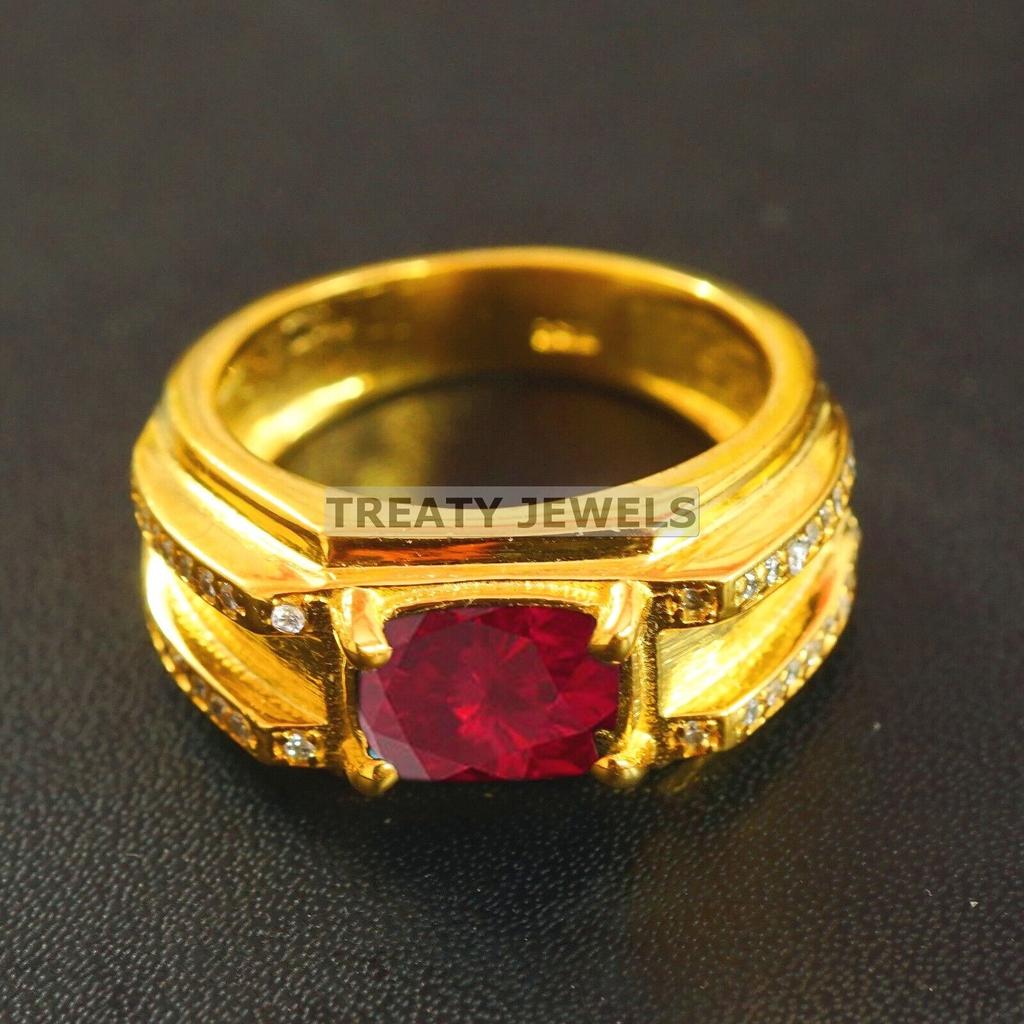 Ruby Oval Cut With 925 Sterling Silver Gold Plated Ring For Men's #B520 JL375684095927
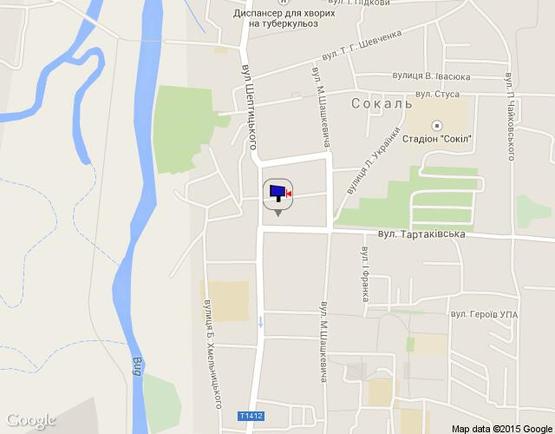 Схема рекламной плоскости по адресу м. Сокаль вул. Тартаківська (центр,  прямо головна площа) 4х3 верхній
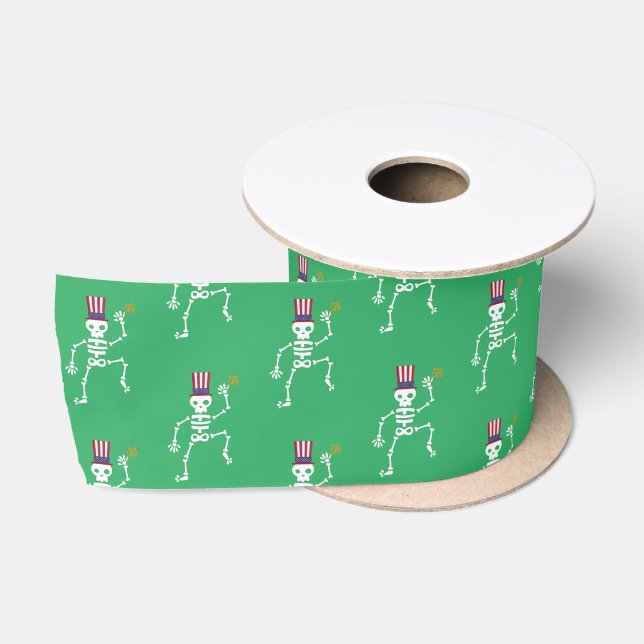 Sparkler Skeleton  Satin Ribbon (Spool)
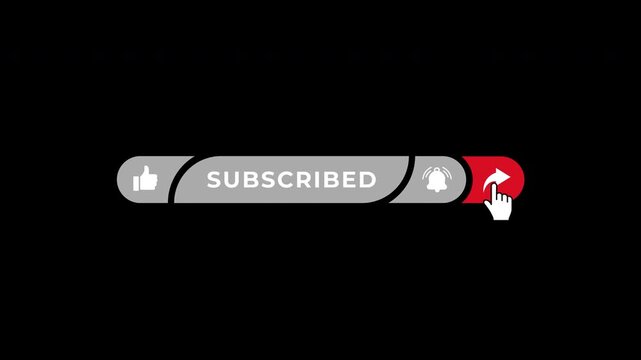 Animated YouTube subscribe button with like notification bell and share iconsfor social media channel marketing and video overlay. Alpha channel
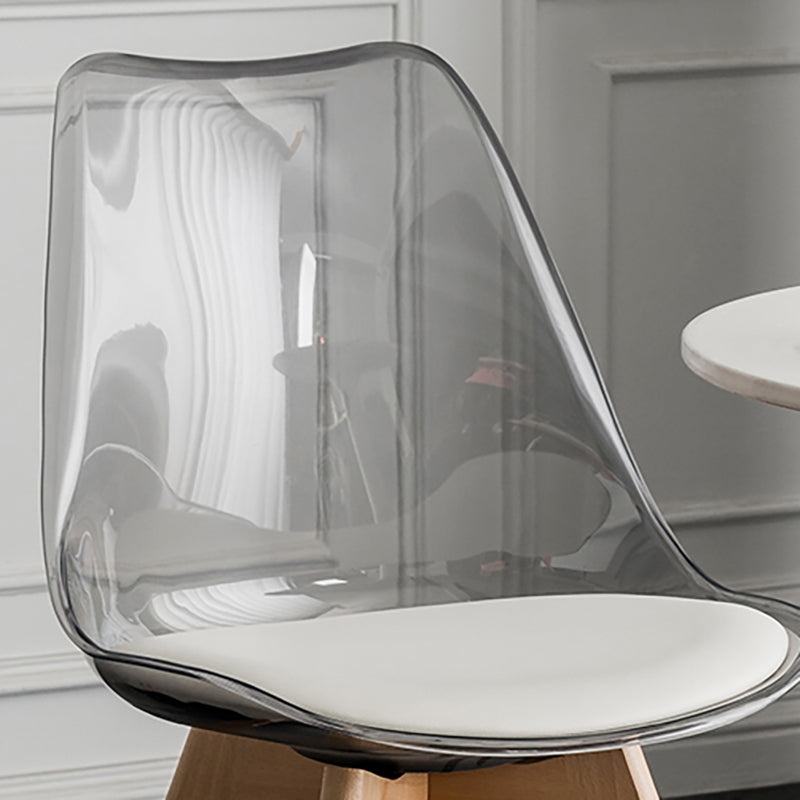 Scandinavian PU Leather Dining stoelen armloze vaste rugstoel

⁂

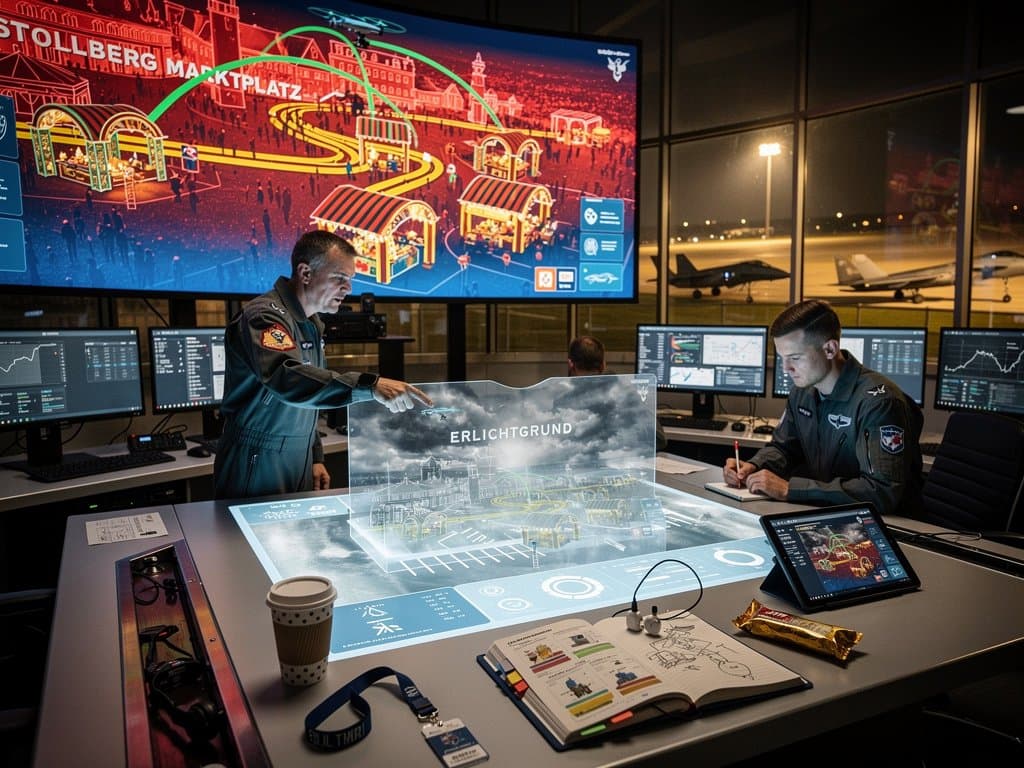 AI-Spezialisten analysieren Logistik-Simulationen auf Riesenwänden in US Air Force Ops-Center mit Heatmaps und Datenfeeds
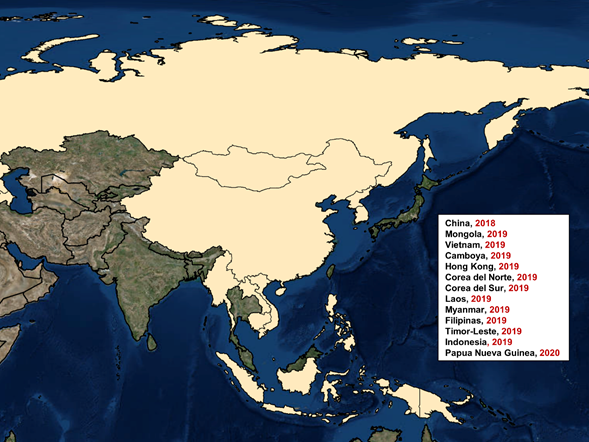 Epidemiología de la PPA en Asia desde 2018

⁂

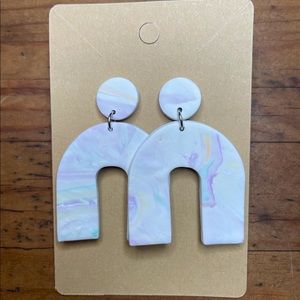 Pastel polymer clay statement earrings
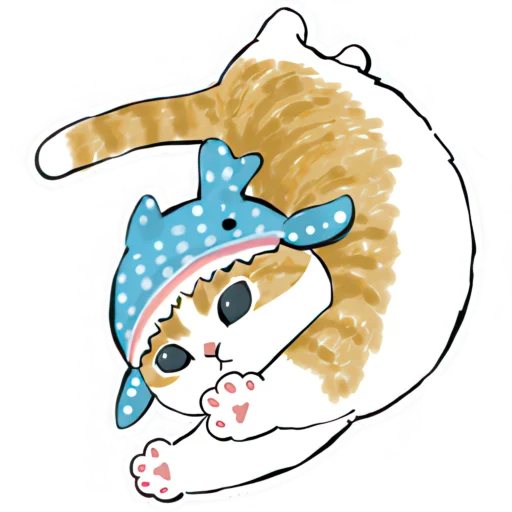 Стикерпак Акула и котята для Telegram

⁂

:: The task ::
Look above for the line with "Satin Ribbon (Spool)" and the line with "Scandinavian PU Leather", then restate exactly those two lines and all lines between them, with no pictures.

:: Expected answer ::
 Sparkler Skeleton  Satin Ribbon (Spool)
 Animated YouTube subscribe button with like notification bell and share iconsfor social media channel marketing and video overlay. Alpha channel
 Scandinavian PU Leather Dining stoelen armloze vaste rugstoel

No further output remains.